Le fait de présenter d’un coup sept traités commerciaux et leurs accords parallèles, dont certains remontent à quelques années déjà, « n’est pas le signe de mauvaise volonté ni que quelque chose accrochait du point de vue législatif », a assuré en entretien téléphonique au Devoir François Caouette, attaché politique de la ministre des Relations internationales du Québec, Christine St-Pierre. « C’est une procédure assez complexe sur laquelle plusieurs ministères peuvent être amenés à se pencher » et qui peut avoir été dérangée par les élections et les changements de gouvernements. Maintenant que les accords sont devant l’Assemblée nationale, « ça peut aller assez rapidement, dit-il. On ne pense pas que les oppositions vont faire obstacle. De toute façon, tous ces accords ont déjà été mis en oeuvre par le gouvernement fédéral ».

Au Parti québécois, la porte-parole de l’opposition officielle en matière de relations internationales, Carole Poirier, se disait encore en train d’étudier les traités commerciaux en question et ne pas encore avoir d’opinions arrêtées à leur sujet. Elle a expliqué au Devoir être particulièrement intéressée par leurs possibles impacts négatifs sur le Québec. Mais de toute manière, a-t-elle poursuivi, « ça ne changera rien. Le seul pouvoir qu’on a est un droit de parole. Moi, je voudrais qu’on ait le pouvoir d’agir, c’est-à-dire de négocier nos propres ententes de libre-échange, et pour cela, il faut être un pays souverain ».

Le député de Québec solidaire, Amir Khadir, a proposé mercredi à ses collègues des autres partis, sans succès, une motion dénonçant l’examen à la va-vite de tous ces accords ainsi que le bilan de la Colombie et du Honduras en matière de droits de la personne. « On a seulement deux heures au total pour chacun des traités, a-t-il ragé au Devoir. C’est sûr qu’on va essayer d’aller sur le fond, mais on va surtout dénoncer le caractère tout à fait antidémocratique, presque inutile et même offensant pour les parlementaires de leur demander d’entériner a posteriori des accords qui vont nous affecter. »

«Zéro exposant zéro»

À l’origine de la loi sur l’examen obligatoire des engagements internationaux importants par l’Assemblée nationale, l’ancienne ministre péquiste, Louise Beaudoin, se dit perplexe devant l’idée de se prononcer sur sept traités de libre-échange d’un coup. « Ça perd un peu de son sens. Mon idée, à l’époque, était de les prendre au fur et à mesure et d’avoir le temps d’en discuter et de savoir de quoi l’on parle. »

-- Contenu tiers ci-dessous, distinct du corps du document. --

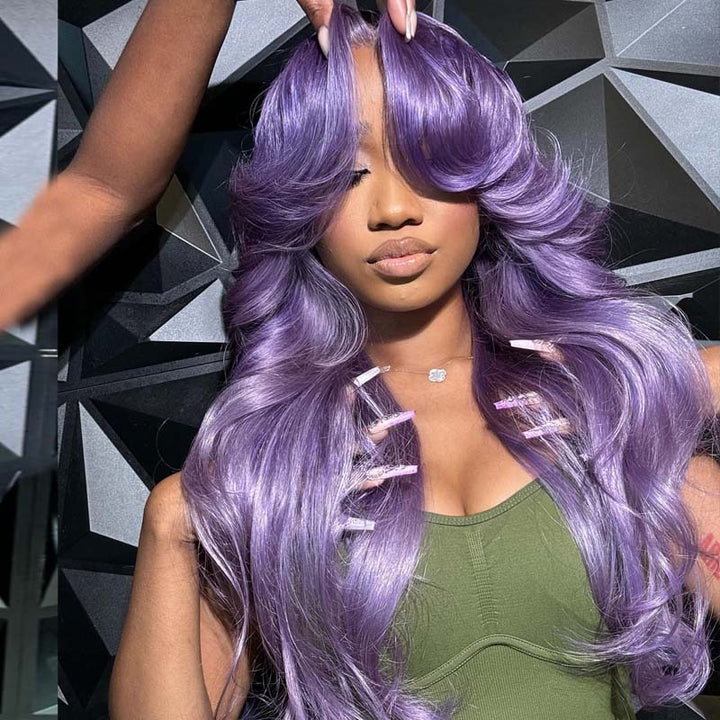 eullair Lavender Purple Body Wave Wavy with Layered Curtain Bangs Human Hair Wig Pre Plucked Transparent 13x4 Lace Frontal Wig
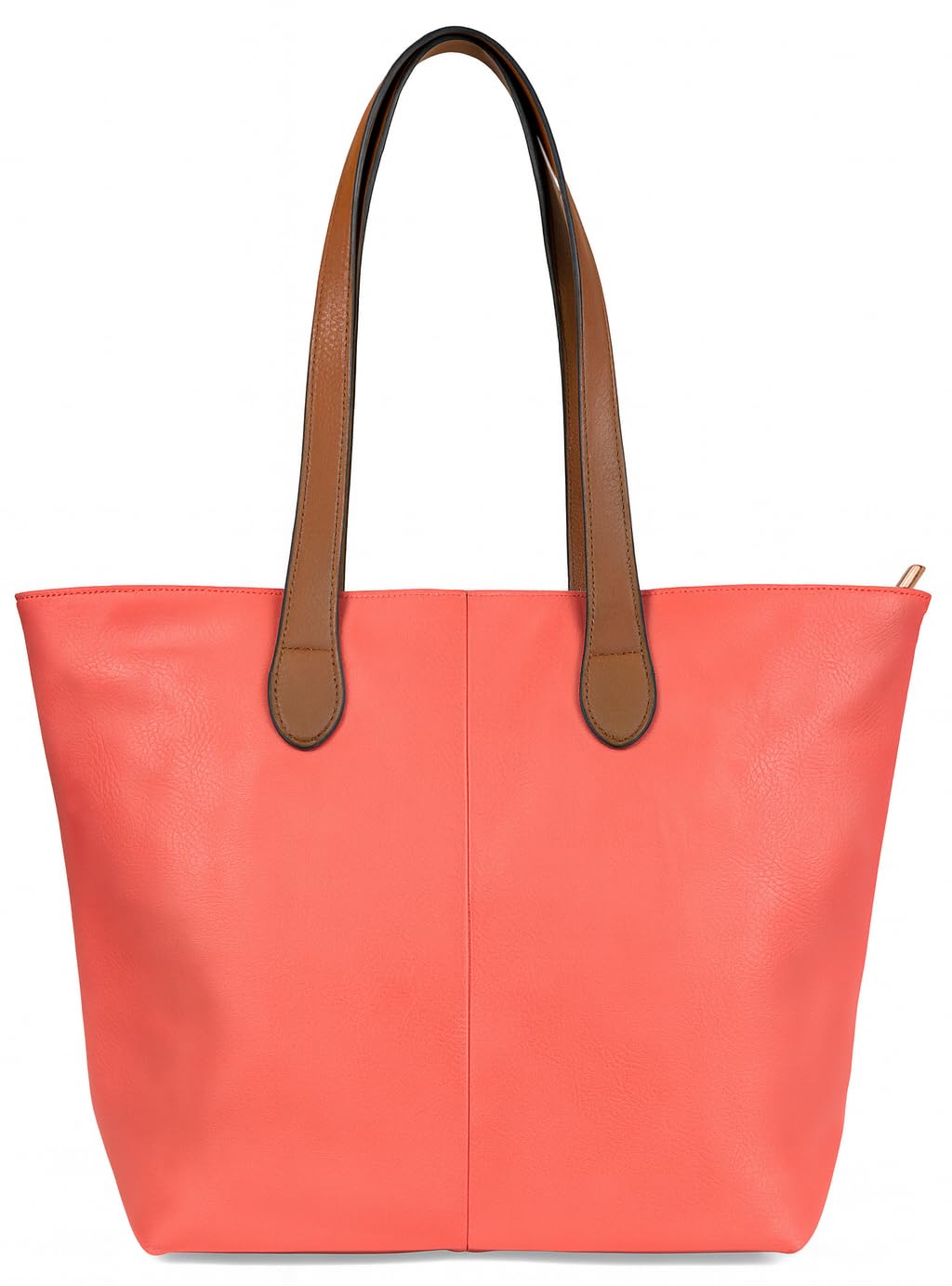 Brook - Medium Vegan Leather Shoulder Tote Bag with Zip Closure & Lightweight Design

Cette idée se voulait en droite ligne avec la doctrine Gérin-Lajoie, a-t-elle expliqué au Devoir. « C’était de faire en sorte que nos compétences soient respectées. C’était une façon pour nous de marquer notre territoire international. »

Elle s’avoue aujourd’hui plus que déçue par l’état du débat démocratique autour des questions commerciales. « C’est zéro exposant zéro. Et le PQ n’a pas tellement fait mieux en 18 mois de pouvoir, malgré certains efforts. Tout cela continue de se faire derrière des portes closes », ajoute celle qui se dit notamment préoccupée par les mécanismes de règlement des différends accordant aux entreprises le droit de poursuivre les États devant des tribunaux ad hoc.